I moti del ’48 sono una data capitale anche nel calendario della storia della moda italiana: succube per tutto l’Ottocento delle mode francesi, riuscì dal sentimento irredentista a prendere lo slancio verso un ruolo più creativo, elaborando nuove tendenze molto particolari e molto seguite. I fermenti politici e gli aneliti di indipendenza, effettivamente, diedero vita al tentativo di una nuova moda autoctona, anche al di là dell’evento simbolico costituito del vestito nazionale, cioè all’italiana.

 

Già negli anni precedenti comparvero barbe e pizzetti come simboli carbonari; dal ’47, a seguito dei moti in Calabria, venne adottato il cappello alla calabrese, come simbolo di liberalismo, quello alla puritana (da I Puritani del Bellini) o anche quello piumato all’Ernani (il bandito protagonista dell’omonima opera verdiana).

 

Il «Corriere delle Dame», che già dal suo inizio ai primi dell’Ottocento, promuoveva la cultura nazionale, non aveva dubbi "Che la moda sia collegata cogli avvenimenti sociali e politici” come “…è provato anche dai recenti avvenimenti in Italia. Abbiamo visto lo scorso carnevale le signore presentarsi al teatro colle cuffie guarnite di nastri di tre colori, presenti i dominatori della casa d’Austria; abbiamo visto la moda dei vestiti di velluto proposta per danneggiare le case commerciali della Germania; poi i cappelli acuminati, simbolo della rivoluzione napoletana, calpestati al loro apparire dal bastone della polizia; ma risorti più tardi a nuova e gloriosa vita, accompagnarsi con le fogge svelte e marziali dei popoli della Calabria”.

 

L’utilizzo del velluto diede poi vita al costume all’italiana, detto anche alla lombarda era divenuto in via informale quasi l’uniforme dei combattenti delle Cinque Giornate: “…un camiciotto o blouse di velluto nero, di fabbrica nazionale, stretta alla vita da una cintura di pelle da cui pendeva una daga o spada: colletto bianco grande rovesciato sulle spalle: calzoni corti di velluto nero, stivali che arrivavano al ginocchio, cappello alla calabrese con pennacchio e una collana che scendeva sul petto e da cui pendeva un medaglione, ch’era di solito il ritratto di Pio IX”, come ricorda Giovanni Visconti Venosta.

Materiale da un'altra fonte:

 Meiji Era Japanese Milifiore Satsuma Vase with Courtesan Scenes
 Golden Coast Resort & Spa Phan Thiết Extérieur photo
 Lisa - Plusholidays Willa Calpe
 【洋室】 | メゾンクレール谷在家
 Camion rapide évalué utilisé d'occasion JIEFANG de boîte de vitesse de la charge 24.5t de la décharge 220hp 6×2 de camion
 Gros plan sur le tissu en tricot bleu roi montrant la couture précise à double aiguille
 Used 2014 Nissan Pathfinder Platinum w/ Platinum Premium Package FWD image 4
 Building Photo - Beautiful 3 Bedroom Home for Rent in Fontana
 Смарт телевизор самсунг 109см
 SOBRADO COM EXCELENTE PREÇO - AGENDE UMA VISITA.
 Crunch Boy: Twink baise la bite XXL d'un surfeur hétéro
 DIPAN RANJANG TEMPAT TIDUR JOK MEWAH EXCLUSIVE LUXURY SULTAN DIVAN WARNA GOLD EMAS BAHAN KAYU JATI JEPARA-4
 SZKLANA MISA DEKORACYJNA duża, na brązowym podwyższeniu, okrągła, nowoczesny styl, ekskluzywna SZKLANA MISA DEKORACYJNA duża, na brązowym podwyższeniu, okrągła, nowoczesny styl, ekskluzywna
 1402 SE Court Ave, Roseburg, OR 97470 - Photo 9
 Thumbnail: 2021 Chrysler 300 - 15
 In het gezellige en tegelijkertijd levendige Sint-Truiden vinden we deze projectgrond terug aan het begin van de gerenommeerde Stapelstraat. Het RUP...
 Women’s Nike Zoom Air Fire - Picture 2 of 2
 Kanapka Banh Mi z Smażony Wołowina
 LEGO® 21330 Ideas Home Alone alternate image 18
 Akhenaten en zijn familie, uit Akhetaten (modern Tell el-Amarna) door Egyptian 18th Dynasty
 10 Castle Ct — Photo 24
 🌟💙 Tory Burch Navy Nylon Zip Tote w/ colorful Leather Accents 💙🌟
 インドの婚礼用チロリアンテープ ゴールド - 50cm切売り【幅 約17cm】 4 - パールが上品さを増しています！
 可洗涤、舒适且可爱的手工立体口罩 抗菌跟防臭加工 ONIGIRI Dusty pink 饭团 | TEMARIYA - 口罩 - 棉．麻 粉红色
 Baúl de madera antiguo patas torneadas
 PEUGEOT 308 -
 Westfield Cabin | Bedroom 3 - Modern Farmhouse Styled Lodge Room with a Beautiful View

Questa moda d’impegno civile fu adottata anche dalle donne: il vestito, sempre di velluto, era portavano “aperto su una sottana bianca di raso o di lana, rifinito da fusciacche tricolori, cappelli alla calabrese, pistole e persino spade e sciabole usate dalla cavalleria. Il capo veniva coperto non dai frivoli cappellini alla francese, ma da grandi veli neri o da mantiglie di pizzo, che scendevano a coprire spalle e vita.” (Cristina Cenedella, Tra moda e rivoluzione: la Lombardia nel 1848, Rivista la ca' granda, XLVII, 1, 2006).